More worryingly, the series seems to be targeting headlines on clickbait – “The Eight Biggest Bombs from the Brittany Murphy Documentary” etc. The two episodes indulge in a host of real crime thrillers – tasteless recreations of pill bottles tumbling on the nightstand, slowly movement pans over a cluttered bathroom, brutal score-in coverage of Murphy’s promising career, health issues and especially her marriage to Monjack, who appears to have been one of the least convincing scammers ever. There are some really creepy moments, such as a dramatization of the forensic pathologist dropping a sample of Murphy’s lung into water to confirm pneumonia during the autopsy (why not just say it was pneumonia? Why include a coroner at all?) Or a recreation in the bathroom where she died.

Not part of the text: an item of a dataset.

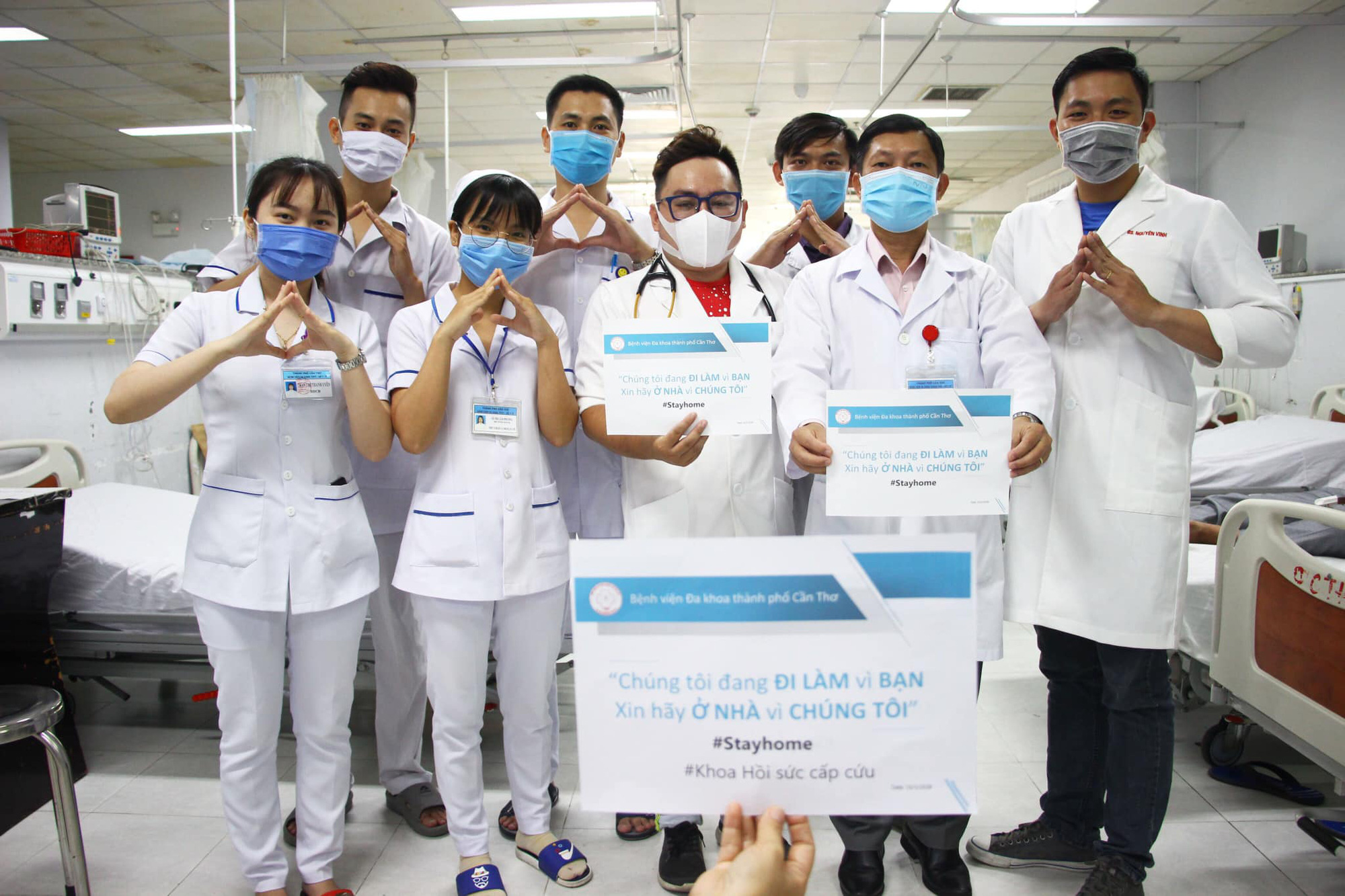 Chùm ảnh: Y bác sĩ cả nước kêu gọi cộng đồng vượt qua dịch Covid-19 - Ảnh 9.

It’s almost impossible to watch this series and not think about the latest documentaries about Britney Spears – Netflix Britney vs Spears and two New York Times projects about FX on Hulu, all three of which contain troubling elements of obsession with its central focus. But even though these films ultimately relate to a questionable legal arrangement that is still ongoing, it continues to capture thousands of others, What Happened, Brittany Murphy? blind alleys to self-serving speculation. For the most part, the series appears to be incredibly misjudged – that because there is public interest in reassessing such besieged 90s / 00s figures like Spears, Monica Lewinksy, Tonya Harding, Lorena Bobbitt, Princess Diana and others, that any investigation of a beautiful tragedy will pass muster. This is no Amy, Asif Kapadia’s sensitive, grueling portrait of Amy Winehouse’s tortured life or Kevin Macdonald’s 2018 film at Whitney Houston or even the serious but not overwhelming descriptions of spousal abuse in Tina, Daniel Lindsay and TJ Martin’s 2021 documentary about Tina Turner .
As we have again seen with widespread coverage, in traditional media and on TikTok, about Gabby Petito’s disappearance, America’s fixation on the loss of a beautiful white woman is evergreen and evolving. What happened, Brittany Murphy? combines a newer phenomenon — online detectives — that fascinates Murphy’s death into wretched, self-serving ends — and wraps it in a former Dateline style. That Murphy, who barely has a complex personality here, still shines through in her short screen appearances, is a testament to her talent – one that deserves serious consideration then and now.